US Takes On Google In Landmark Antitrust Trial

On Tuesday, a momentous case pitting the US government against Google over the company’s world-dominating search engine opened in a Washington courtroom.

“This case is about the future of the internet and whether Google will ever face meaningful competition in search,” said Justice Department lawyer Kenneth Dintzer as the United states government began making its case against the tech titan.

Google will attempt to persuade Judge Amit P. Mehta that the landmark case launched by the Department of Justice is without merit over the course of 10 weeks of testimony involving more than 100 witnesses.

The trial, which is being held in a Washington courthouse, is the largest US antitrust action against a major technology corporation since the same department took on Microsoft more than two decades ago over the dominance of its Windows operating system.

“Even for Washington DC, I think we have the highest concentration of blue suits in any location here today,” Mehta joked, observing the dozens of lawyers assembled in his courtroom.

The government claims that Google unfairly created its dominance in internet search by forming exclusivity relationships with device makers, mobile operators, and other companies, leaving rivals no chance to compete.

Google allegedly buried upstarts before they had a chance to thrive by paying billions of dollars to Apple and others every year to ensure its search engine default status on phones and web browsers.

This resulted in what the government refers to as a “feedback loop” in which Google’s search dominance only got larger and more destructive to competition due to its exclusive access to people that rivals could never equal.

This supremacy has made Google parent Alphabet one of the world’s wealthiest businesses, with search ads accounting for roughly 60% of sales, dwarfing income from other activities such as YouTube or Android phones.

“We will track what Google did to maintain its monopoly… It’s not about what it could have done or should have done, it’s about what they did,” Dintzer told the court.

 ‘They Want To’ 

The case’s most prominent accused victims are competing search engines that have yet to earn a major market share versus Google, such as Microsoft’s Bing and DuckDuckGo.

Google remains the world’s most popular search engine, with 90 percent of the market in the United States and around the world, with much of that coming from mobile usage on iPhones and phones running Google-owned Android.

The business will argue that its success is due to the unrivaled quality of its search engine, which has been regarded as a cut above the competition since its inception in 1998 by founders Sergey Brin and Larry Page.

“In sum, people don’t use Google because they have to — they use it because they want to,” said Kent Walker, Google president of global affairs in a blog post.

Mehta’s ruling is expected many months after the roughly three months of expected hearings.

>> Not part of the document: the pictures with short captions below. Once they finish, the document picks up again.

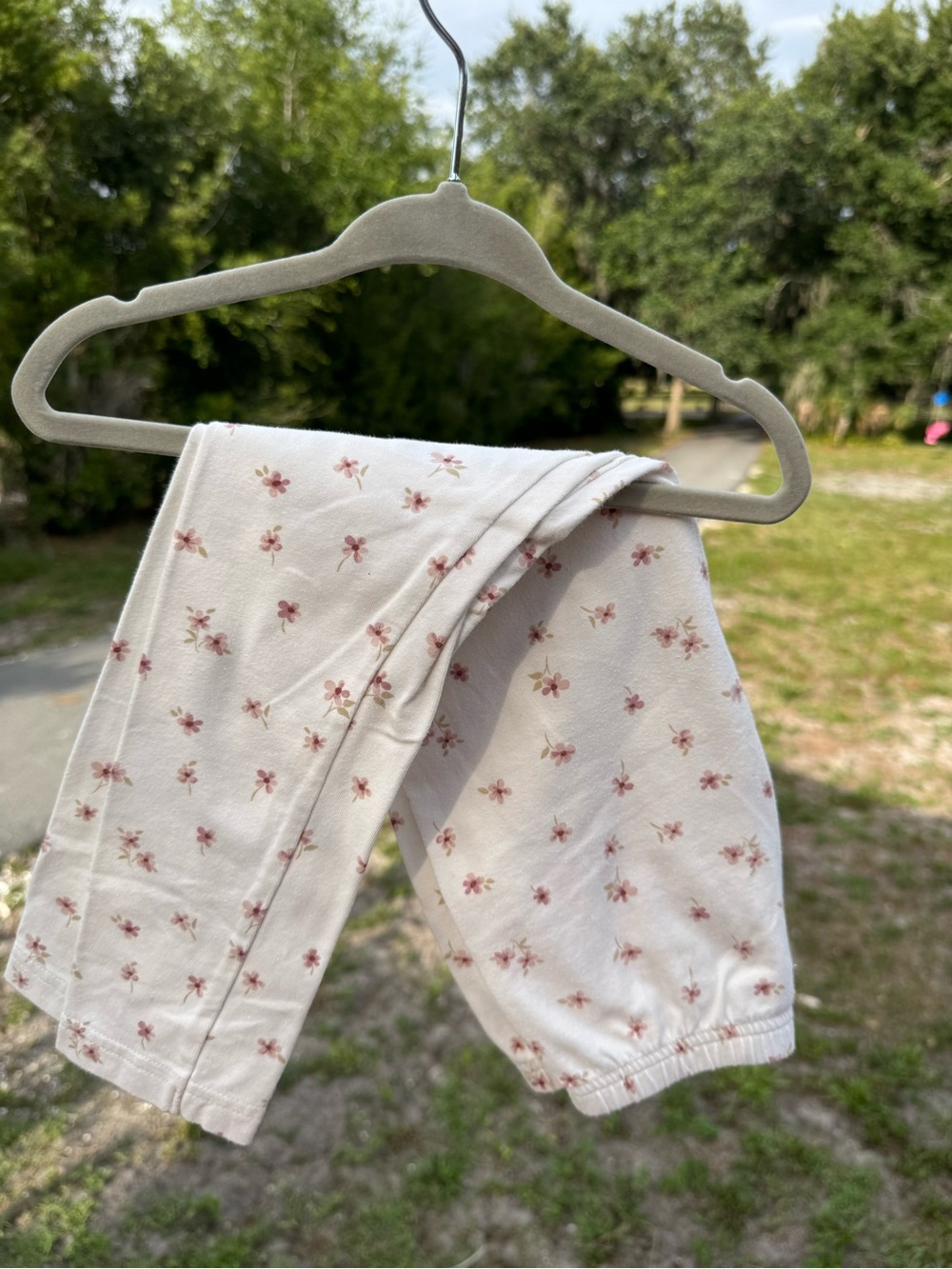 Jamie Kay Leggings 5Y
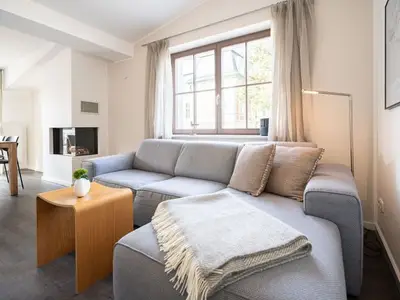 Ferienwohnung für 4 Personen (61 m²) in Heringsdorf (Seebad) 4/10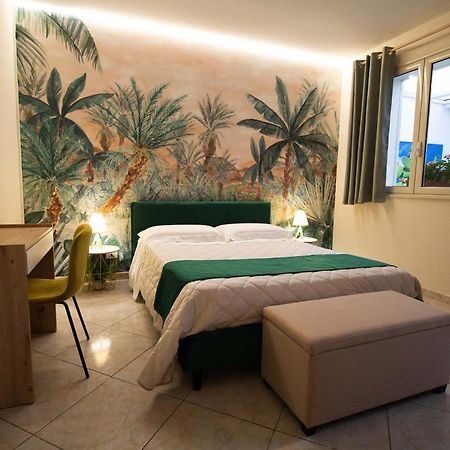 Relaxtime Casa Vacanze Palermo Exterior photo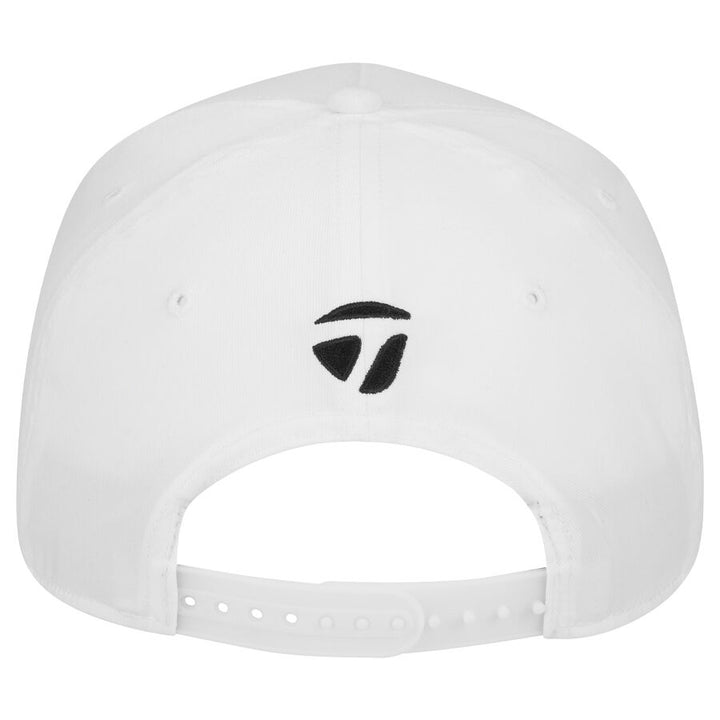TaylorMade A Frame Snapback Hat - ParWestGolf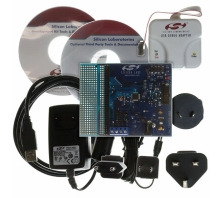 C8051F226DK-E Image.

He might dismiss the lawsuit or seek extreme redress, such as the split of Google’s divisions or a restructuring of the company’s operations.

Whatever the conclusion, either side will almost surely appeal the verdict, perhaps prolonging the dispute for years.

Washington’s case against Microsoft, which began in 1998, resulted in a settlement in 2001 when an appeal overturned an order that the corporation be divided up.

The US government filed its case against Google under the Trump administration, and the matter was carried over to President Joe Biden’s administration.

Biden has also made a point of opposing tech behemoths and appointing well-known tech critics to prominent positions, but with little to show for it.

Biden’s Justice Department started a separate action against Google in January involving its advertising business, which could go to trial next year.

In addition, the business is facing a slew of lawsuits from US states accusing it of abusing monopolies in ad tech and stifling competition in its Google Play app store.